Dalam teori kapitalisme klasik ala Adam Smith, semua pihak dianggap akan diuntungkan jika bertindak sesuai kepentingan pribadinya. Tapi ketika keuntungan menjadi satu-satunya tujuan, ada banyak hal yang dikorbankan—termasuk keadilan bagi para pekerja. Sistem ini berjalan seolah-olah netral, padahal pada praktiknya ia menciptakan peta kekuasaan dan pengaruh yang sangat timpang.
Buruh sebagai Korban dari Sistem yang “Efisien”
Untuk menjaga harga jual tetap rendah, perusahaan fast fashion biasanya mengalihdayakan produksi ke negara-negara berkembang seperti Bangladesh, India, Kamboja, Vietnam, dan Indonesia. Di sinilah cerita buruh mulai masuk. Banyak dari mereka bekerja lebih dari delapan jam sehari, dalam kondisi pabrik yang panas, sempit, dan jauh dari standar keselamatan. Upah yang diterima sering kali tidak cukup untuk memenuhi kebutuhan dasar, apalagi menabung atau mengakses layanan kesehatan dan pendidikan.
Kasus Rana Plaza di Bangladesh adalah salah satu contoh tragis dari ketimpangan ini.
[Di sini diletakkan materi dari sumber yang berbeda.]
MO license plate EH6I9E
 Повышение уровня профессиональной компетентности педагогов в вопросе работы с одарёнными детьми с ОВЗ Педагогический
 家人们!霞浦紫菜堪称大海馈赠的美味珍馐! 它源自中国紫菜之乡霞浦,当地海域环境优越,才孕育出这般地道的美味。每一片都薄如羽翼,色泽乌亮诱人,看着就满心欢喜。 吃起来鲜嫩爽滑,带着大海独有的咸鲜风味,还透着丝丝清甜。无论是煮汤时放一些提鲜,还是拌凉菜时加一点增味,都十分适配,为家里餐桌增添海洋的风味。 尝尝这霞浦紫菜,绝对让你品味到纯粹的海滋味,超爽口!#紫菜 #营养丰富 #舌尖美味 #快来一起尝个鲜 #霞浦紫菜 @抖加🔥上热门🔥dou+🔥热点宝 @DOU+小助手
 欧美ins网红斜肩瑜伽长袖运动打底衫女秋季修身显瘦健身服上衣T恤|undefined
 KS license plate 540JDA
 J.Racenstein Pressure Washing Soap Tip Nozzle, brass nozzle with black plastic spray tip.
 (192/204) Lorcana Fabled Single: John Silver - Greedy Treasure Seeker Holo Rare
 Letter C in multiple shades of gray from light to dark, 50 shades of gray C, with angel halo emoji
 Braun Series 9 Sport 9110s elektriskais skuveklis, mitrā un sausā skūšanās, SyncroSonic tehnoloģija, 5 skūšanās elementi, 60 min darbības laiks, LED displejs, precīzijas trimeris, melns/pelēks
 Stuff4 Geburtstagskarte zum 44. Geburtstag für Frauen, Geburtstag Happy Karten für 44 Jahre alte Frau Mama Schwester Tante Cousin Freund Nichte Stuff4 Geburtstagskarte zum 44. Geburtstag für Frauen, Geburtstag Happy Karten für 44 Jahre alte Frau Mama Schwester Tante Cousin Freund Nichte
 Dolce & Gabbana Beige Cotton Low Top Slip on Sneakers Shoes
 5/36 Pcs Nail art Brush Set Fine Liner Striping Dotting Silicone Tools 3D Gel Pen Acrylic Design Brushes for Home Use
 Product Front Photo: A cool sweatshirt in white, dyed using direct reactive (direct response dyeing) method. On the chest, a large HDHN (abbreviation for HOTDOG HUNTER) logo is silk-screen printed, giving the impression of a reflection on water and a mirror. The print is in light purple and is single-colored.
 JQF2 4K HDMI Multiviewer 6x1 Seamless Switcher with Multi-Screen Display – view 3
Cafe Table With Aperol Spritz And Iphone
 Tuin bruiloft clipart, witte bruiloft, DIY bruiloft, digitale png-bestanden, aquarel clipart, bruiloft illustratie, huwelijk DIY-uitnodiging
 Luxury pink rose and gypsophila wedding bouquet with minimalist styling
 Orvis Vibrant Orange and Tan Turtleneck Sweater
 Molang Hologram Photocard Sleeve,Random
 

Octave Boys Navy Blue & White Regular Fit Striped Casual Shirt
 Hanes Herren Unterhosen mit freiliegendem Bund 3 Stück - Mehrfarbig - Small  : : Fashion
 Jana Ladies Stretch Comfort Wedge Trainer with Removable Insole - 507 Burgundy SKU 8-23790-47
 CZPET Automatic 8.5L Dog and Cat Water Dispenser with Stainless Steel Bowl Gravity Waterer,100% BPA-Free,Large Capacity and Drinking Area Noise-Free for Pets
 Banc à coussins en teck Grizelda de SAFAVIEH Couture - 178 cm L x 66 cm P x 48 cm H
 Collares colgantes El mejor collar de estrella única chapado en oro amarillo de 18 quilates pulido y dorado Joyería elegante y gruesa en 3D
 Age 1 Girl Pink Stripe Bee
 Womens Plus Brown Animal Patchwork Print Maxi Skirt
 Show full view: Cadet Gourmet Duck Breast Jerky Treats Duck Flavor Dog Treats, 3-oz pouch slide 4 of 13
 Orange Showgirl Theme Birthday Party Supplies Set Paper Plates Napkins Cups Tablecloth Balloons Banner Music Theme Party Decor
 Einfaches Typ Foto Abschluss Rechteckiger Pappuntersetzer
Pada 24 April 2013, bangunan pabrik garment Rana Plaza runtuh, menewaskan lebih dari 1.100 pekerja dan melukai ribuan lainnya. Kebanyakan dari mereka adalah buruh perempuan yang bekerja untuk merek-merek internasional besar seperti Primark, Walmart, dan Benetton. Tragedi ini memicu kecaman internasional terhadap kondisi kerja di industri garment global dan mendorong gerakan untuk meningkatkan keselamatan kerja serta keadilan sosial dalam industri tersebut. Kasus ini menunjukkan betapa rapuhnya sistem yang mengutamakan efisiensi tanpa memperhitungkan keselamatan pekerja.
Pekerja perempuan mendominasi industri ini, dan mereka sering menjadi kelompok paling rentan. Banyak laporan menunjukkan adanya diskriminasi, pelecehan, bahkan kekerasan verbal dan fisik yang mereka alami di tempat kerja. Namun karena kebutuhan ekonomi, mereka tidak punya banyak pilihan selain bertahan.
Bagi perusahaan, ini adalah bagian dari strategi bisnis yang “rasional”. Namun bagi para buruh, ini adalah bentuk eksploitasi yang terstruktur. Sistem kapitalisme menempatkan tenaga kerja sebagai komponen produksi yang harus ditekan biayanya, bukan sebagai manusia yang memiliki hak dan martabat.